Schedule Nov 20, 2013
The Dynamics of Avalanches
Jim McElwaine, Durham University

Avalanche
Jim McElwaine
More than a million avalanches happen throughout the world every year. Most fall harmlessly, but the largest can destroy whole towns and kill thousands. In Western Europe, such large disasters are rare, but even so, in any given year, dozens of skiers, snowboarders and climbers may be killed, and in a bad year it can be hundreds.

An avalanche, however, is a physical phenomenon, and as such it should manifest certain universal characteristics. For instance, avalanches of carbon dioxide ice have been seen on the surface of Mars.

This talk will describe one mathematician's efforts to understand snow avalanches. The work ranges from investigating avalanche disasters in the Japanese mountains to dropping half a million ping-pong balls down a ski jump.
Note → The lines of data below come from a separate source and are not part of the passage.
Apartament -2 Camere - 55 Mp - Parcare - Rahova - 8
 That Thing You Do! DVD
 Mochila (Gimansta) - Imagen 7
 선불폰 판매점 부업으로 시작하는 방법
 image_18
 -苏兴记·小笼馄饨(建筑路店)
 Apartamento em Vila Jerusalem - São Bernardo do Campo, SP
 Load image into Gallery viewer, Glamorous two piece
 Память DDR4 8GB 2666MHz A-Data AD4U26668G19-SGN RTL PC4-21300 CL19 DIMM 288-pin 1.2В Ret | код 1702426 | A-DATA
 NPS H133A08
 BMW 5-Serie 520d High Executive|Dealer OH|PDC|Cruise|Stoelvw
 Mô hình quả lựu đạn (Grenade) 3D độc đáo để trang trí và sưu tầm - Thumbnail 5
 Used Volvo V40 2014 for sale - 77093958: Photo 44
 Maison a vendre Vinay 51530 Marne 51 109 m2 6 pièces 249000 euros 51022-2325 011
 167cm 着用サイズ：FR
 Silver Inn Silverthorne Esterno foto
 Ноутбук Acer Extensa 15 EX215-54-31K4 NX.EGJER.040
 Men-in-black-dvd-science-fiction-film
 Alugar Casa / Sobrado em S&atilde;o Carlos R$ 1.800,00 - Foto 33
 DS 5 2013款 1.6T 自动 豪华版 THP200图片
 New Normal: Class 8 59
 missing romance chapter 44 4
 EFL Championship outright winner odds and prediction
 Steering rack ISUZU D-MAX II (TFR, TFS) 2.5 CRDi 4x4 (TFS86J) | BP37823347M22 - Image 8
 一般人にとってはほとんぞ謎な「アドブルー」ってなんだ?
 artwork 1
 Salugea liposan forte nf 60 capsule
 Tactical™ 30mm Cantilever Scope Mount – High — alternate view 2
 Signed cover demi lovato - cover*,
Jim McElwaine's research is in geophysical fluid dynamics, with a focus on granular and multi-component flows. At the University of Cambridge, he received a PhD in Applied Mathematics studying quantum mechanics and its interpretation. After positions in Japan, Europe, and the United States, he became Professor of Geohazards in the Department of Earth Sciences at the University of Durham. His work ranges widely over many geophysical flows as well as fundamental problems in granular and fluid mechanics. He is also a senior scientist at the Planetary Science Institute in Tucson, where he researches surface processes on other planets and asteroids. A keen climber and skier, McElwaine's love affair with avalanches began after he was hit and buried by a large one on an unclimbed mountain in the Himalayas. Nowadays, he is more careful -- being buried up to his waist is more typical.